- Born: 1976 (age 49–50) Hamburg, Germany
- Education: Rhode Island School of Design
- Occupation: Fashion designer
- Spouse: Ana Beatriz Lerario
- Website: robertgeller-ny.com

= Robert Geller =

German-born American fashion designer (born 1976)

Robert Geller (born 1976, in Hamburg, Germany) is a German-born American fashion designer.

==Early life and education==
He graduated with a degree in fashion design at RISD in 2001 and moved to New York to join Marc Jacobs shortly after.

==Career==
In New York, Geller met Alexandre Plokhov, a patternmaker, and partnered up with him at menswear brand Cloak, which went on to win the Ecco Domani award in 2003 and the Vogue/CFDA Grant in 2004. Geller left Cloak after the Fall 2004 collection. Cloak finally closed down in Spring 2007.

In 2006, Geller launched a women's line called Harald. Initially meant to only be knitwear, the line grew into a full collection. This helped Geller secure financial backing for a menswear label under his own name. In Fall 2007 Robert Geller menswear debuted at New York Fashion Week.

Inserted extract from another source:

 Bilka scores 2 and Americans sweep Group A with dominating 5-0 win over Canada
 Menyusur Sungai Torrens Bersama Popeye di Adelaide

In 2024, Geller became lead designer of men's clothing at fashion company Rag & Bone.

==Awards and honors==
Geller received the GQ Best New Menswear Designer Award in 2009. Geller was a finalist for the 2010 CFDA / Vogue Fashion Fund prize, and won CFDA Swarovski Award for Menswear in 2011.

==Personal life==
He is married to fashion designer Ana Beatriz Lerario, designer of Lerario Beatriz. The couple met while working together at Marc Jacobs.